━━ Supplied material ━━

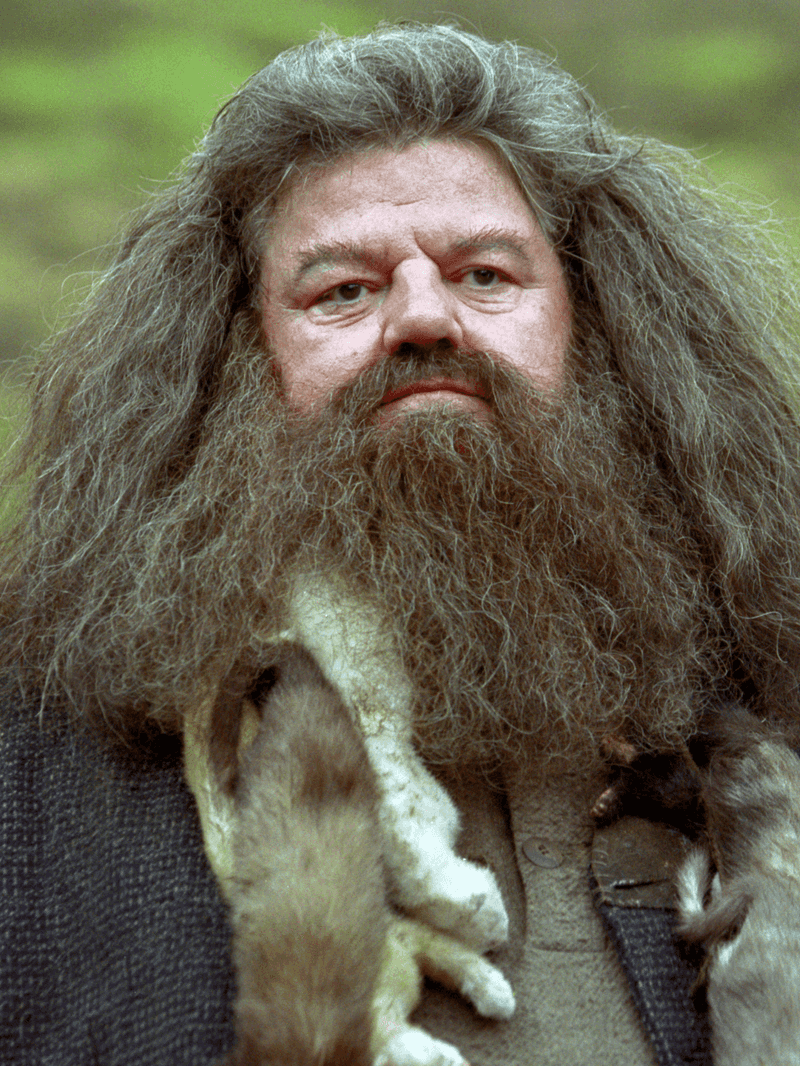 Pisces: Rubeus Hagrid - The Gentle Giant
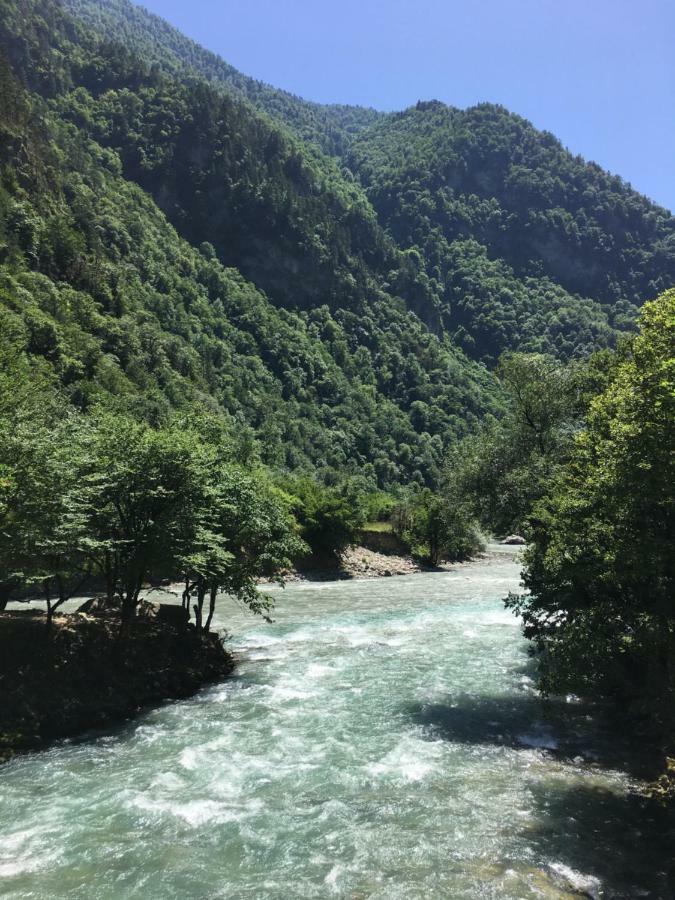 Solnechny Bereg Guest House Gudauta Εξωτερικό φωτογραφία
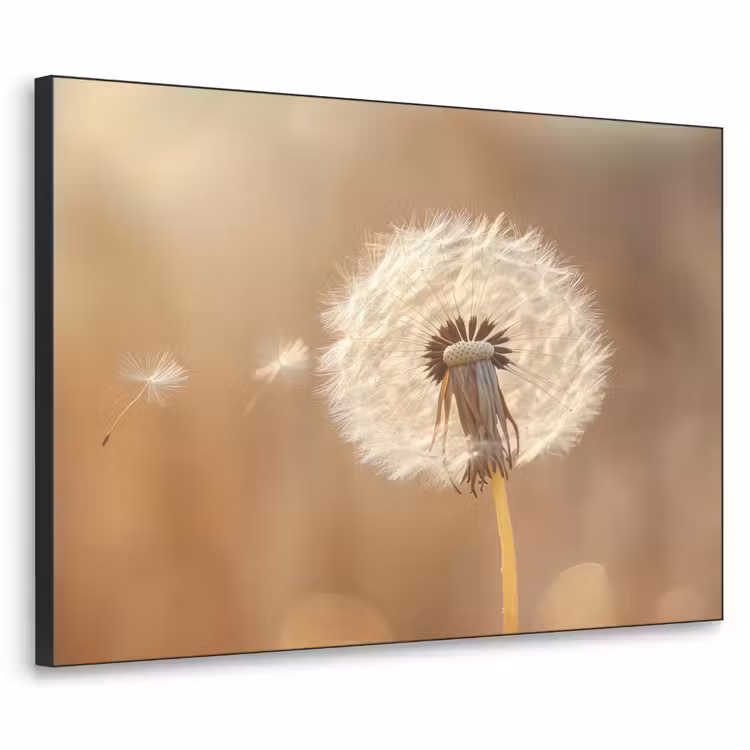 Art Frame - Paardenbloem - Beige - Natuur - Bloem — 1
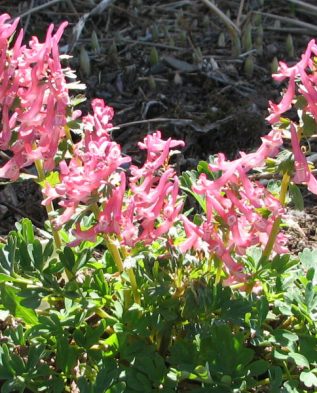 c. solida nettleton pink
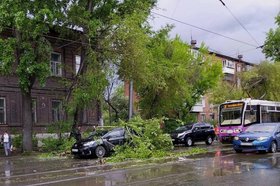 Упавшая на машину ветка дерева. Фото очевидцев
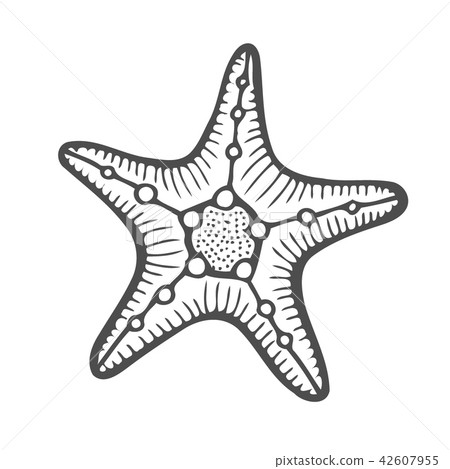 Starfish nature ocean 42607955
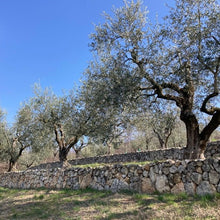 Load image into Gallery viewer, Cordioli Extra Virgin Olive Oil - Campo Marogne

━━━

Problem
Every line from the one containing "Art Frame - Paardenbloem" through the end of the records is to be returned exactly, and those lines alone; pictures are dropped.

Exercise response
 Art Frame - Paardenbloem - Beige - Natuur - Bloem — 1
 c. solida nettleton pink
 Упавшая на машину ветка дерева. Фото очевидцев
 Starfish nature ocean 42607955
 Load image into Gallery viewer, Cordioli Extra Virgin Olive Oil - Campo Marogne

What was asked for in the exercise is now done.